**DIRECTIONS:** In the entries below, find each line with the word "pour" and return it.

Saved data entries:

========================================================================

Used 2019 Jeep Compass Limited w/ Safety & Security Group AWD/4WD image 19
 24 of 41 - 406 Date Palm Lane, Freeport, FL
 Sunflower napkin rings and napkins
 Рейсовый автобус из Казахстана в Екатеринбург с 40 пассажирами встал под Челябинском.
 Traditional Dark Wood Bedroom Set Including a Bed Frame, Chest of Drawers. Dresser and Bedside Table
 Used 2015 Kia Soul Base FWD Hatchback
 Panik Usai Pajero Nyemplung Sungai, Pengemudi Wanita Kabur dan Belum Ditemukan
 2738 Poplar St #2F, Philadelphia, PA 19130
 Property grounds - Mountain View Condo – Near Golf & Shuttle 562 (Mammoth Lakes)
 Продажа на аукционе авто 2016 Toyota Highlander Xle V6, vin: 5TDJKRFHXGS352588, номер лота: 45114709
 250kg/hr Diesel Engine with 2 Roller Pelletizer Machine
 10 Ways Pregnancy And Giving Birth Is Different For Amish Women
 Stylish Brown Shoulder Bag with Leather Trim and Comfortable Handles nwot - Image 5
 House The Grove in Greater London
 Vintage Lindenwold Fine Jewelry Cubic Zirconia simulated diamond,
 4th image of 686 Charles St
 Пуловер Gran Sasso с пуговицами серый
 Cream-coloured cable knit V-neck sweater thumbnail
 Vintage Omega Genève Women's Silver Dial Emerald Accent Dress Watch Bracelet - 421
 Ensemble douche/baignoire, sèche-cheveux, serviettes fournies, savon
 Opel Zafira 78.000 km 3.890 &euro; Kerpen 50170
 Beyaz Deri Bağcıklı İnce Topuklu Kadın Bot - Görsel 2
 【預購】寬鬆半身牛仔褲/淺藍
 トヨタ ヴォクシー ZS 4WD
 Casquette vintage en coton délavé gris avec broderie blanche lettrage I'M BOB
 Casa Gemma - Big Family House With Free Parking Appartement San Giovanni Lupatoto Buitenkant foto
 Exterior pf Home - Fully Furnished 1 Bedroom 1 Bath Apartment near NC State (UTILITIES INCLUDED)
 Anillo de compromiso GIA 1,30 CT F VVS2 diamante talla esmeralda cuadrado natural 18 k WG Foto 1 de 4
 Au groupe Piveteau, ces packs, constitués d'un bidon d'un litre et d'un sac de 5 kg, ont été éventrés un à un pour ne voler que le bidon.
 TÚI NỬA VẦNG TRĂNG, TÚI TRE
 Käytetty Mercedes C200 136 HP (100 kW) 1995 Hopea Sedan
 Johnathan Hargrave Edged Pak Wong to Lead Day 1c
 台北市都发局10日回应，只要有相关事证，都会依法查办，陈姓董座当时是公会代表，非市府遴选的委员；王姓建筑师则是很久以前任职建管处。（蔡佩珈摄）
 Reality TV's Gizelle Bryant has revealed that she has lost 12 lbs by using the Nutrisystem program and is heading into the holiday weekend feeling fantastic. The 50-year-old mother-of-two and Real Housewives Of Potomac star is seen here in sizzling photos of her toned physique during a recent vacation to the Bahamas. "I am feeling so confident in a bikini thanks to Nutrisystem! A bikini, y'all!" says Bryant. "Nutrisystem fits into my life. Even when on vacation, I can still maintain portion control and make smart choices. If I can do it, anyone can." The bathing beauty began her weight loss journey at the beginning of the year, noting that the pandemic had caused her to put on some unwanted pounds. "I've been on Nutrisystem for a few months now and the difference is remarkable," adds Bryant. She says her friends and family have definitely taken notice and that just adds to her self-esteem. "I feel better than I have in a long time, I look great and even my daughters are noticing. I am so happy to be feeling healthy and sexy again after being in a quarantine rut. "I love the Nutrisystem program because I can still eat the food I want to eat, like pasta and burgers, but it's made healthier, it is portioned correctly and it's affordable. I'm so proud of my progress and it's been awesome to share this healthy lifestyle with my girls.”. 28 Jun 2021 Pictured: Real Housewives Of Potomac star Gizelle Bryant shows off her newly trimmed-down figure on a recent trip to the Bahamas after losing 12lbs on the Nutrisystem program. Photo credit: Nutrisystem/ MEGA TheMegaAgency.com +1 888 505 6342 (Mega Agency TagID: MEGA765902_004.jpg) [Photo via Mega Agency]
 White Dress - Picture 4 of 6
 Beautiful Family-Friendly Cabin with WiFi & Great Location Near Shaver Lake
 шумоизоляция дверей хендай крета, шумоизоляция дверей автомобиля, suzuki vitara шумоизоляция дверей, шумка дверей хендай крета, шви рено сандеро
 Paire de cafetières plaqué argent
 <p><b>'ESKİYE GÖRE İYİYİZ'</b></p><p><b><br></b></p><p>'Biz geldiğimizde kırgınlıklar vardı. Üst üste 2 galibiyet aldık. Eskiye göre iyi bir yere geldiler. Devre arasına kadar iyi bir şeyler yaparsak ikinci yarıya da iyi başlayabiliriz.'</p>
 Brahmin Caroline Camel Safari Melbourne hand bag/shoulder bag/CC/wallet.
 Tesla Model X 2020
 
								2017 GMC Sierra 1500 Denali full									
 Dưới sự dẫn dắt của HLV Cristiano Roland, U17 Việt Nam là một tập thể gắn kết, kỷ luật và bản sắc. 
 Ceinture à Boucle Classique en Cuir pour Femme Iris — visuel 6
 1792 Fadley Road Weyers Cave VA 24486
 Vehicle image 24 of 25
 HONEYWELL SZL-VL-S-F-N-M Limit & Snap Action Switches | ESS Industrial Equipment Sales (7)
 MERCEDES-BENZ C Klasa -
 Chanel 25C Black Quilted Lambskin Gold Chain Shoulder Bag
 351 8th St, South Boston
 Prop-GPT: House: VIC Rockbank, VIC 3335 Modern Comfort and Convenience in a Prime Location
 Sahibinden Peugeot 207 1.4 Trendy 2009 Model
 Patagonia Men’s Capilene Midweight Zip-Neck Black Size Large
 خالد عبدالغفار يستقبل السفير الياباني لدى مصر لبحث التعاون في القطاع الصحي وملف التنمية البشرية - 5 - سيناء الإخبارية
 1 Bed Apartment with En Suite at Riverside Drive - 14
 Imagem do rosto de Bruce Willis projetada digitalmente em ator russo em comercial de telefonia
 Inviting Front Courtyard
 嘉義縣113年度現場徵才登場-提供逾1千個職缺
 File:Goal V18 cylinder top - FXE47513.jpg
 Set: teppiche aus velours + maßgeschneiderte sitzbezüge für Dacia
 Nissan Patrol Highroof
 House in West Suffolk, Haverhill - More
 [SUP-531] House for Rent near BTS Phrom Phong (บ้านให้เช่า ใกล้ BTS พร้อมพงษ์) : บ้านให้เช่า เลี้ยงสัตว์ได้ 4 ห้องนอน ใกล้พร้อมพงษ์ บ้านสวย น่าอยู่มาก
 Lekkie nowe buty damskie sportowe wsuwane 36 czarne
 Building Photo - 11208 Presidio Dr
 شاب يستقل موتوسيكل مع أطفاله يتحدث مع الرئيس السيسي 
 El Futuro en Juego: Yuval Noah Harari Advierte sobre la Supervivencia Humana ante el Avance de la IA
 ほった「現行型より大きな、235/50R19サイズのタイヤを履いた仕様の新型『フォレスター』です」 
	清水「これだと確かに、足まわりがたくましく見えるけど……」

========================================================================

**RESPONSE AREA:**
 Au groupe Piveteau, ces packs, constitués d'un bidon d'un litre et d'un sac de 5 kg, ont été éventrés un à un pour ne voler que le bidon.
 Ceinture à Boucle Classique en Cuir pour Femme Iris — visuel 6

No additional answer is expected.